Cathedral in Ontario, Canada

The Cathedral of St. Catherine of Alexandria is the mother church of the Roman Catholic Diocese of Saint Catharines. The cathedral is located in St. Catharines, Ontario.

==History==
The first Catholic church was opened to meet the spiritual needs of the Irish labourers who built first Welland Canal (opened in 1829). It was a wood structure and stood on the site where the present Cathedral was built. It blessed and opened by Bishop Alexander Macdonell of Kingston on November 12, 1831. The structure was then burned down by arson on August 23, 1842. At that time, the construction of the second Welland Canal was underway, which resulted in many Irish labourers in the area. With delays in the construction of the canal, the Irish immigrants would use their free time to construct the church.
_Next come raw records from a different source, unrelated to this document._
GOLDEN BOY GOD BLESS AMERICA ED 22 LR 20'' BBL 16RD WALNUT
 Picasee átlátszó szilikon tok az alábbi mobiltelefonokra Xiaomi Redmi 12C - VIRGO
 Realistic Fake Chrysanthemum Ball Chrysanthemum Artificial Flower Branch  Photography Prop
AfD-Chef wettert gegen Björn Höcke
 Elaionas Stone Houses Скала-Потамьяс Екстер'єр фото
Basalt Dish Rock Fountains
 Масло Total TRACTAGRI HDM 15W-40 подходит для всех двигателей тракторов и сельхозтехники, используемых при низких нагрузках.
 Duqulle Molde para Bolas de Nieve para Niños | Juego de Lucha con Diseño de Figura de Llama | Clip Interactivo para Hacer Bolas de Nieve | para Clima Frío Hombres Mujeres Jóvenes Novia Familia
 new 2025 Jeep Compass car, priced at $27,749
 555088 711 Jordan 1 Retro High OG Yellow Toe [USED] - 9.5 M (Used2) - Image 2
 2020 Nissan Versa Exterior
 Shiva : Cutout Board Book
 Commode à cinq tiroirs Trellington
The cornerstone of the present church was laid on May 25, 1843 and the new church was dedicated to St. Catherine of Alexandria, on June 10, 1845.The patronage of St. Catherine of Alexandra was available, since the Anglican church, which was called St. Catherine's had subsequently burned down in 1836 and rebuilt in 1840 and was dedicated to St. George.

On November 25, 1958, it became the Cathedral Church of the newly formed Diocese of St. Catharines.

In honour of the cathedral's 175th anniversary in 2019, the cathedral's interior was fully restored. In 2021, thieves stole the cathedral's tabernacle. It was later recovered in a nearby park, partially submerged in a canal.